**EXERCISE REQUIREMENTS**. Below is a listing to repeat exactly, with its pictures left out.

**STORED DATA**.

══════════════════════════════

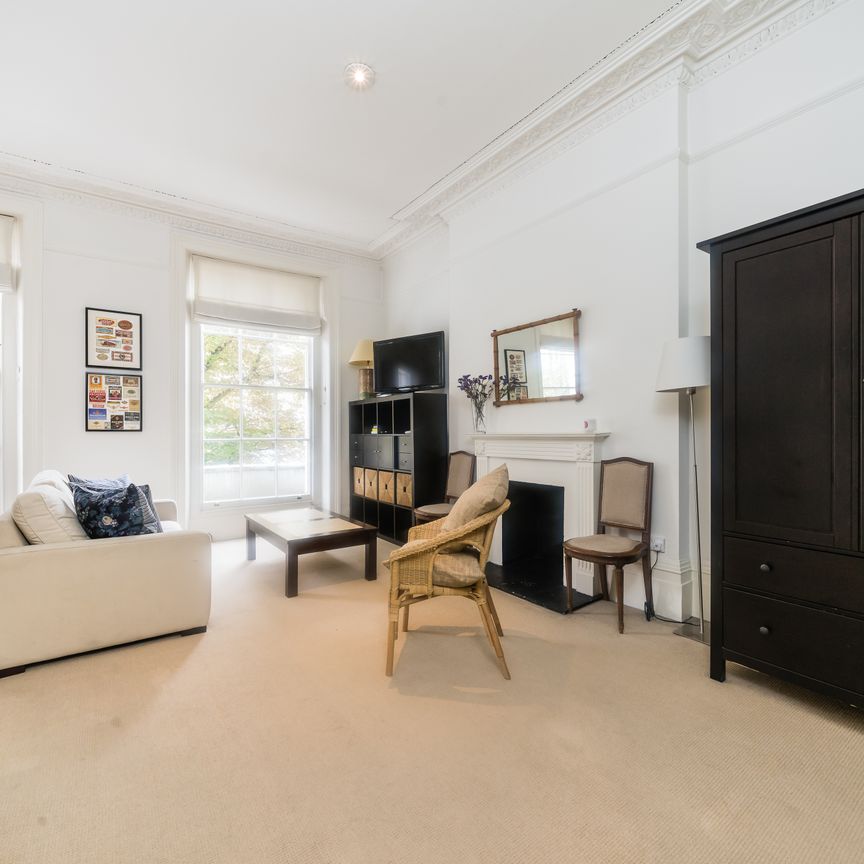 Kensington Church Street, London, W8 flat to rent - Photo 1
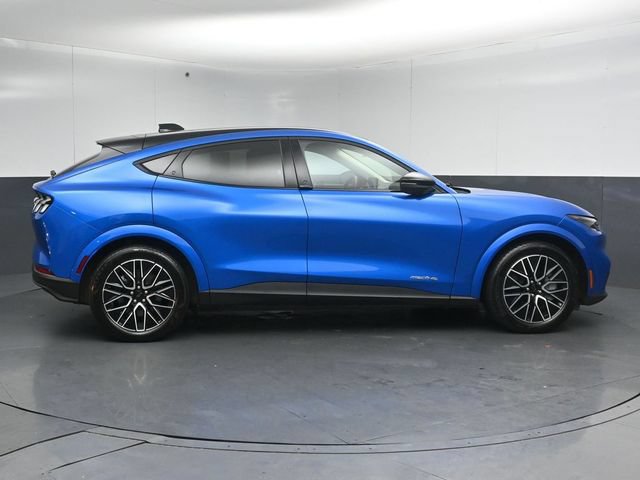 Certified 2025 Ford Mustang Mach-E Premium AWD/4WD image 8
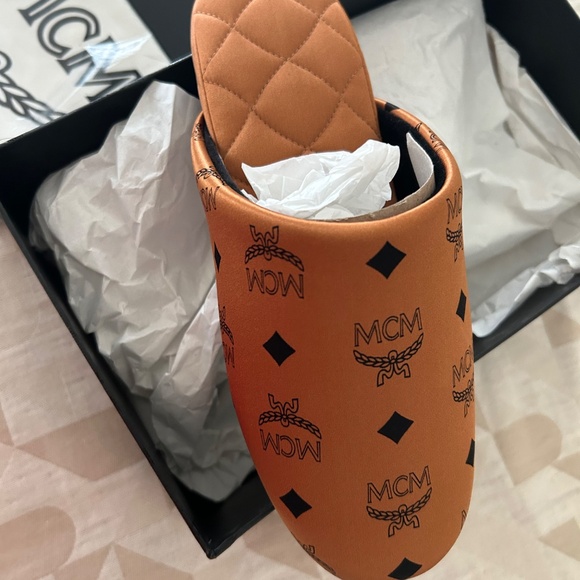MCM Slippers - Picture 5 of 5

══════════════════════════════

**RESULT OF THIS EXERCISE**.
 Kensington Church Street, London, W8 flat to rent - Photo 1
 Certified 2025 Ford Mustang Mach-E Premium AWD/4WD image 8
MCM Slippers - Picture 5 of 5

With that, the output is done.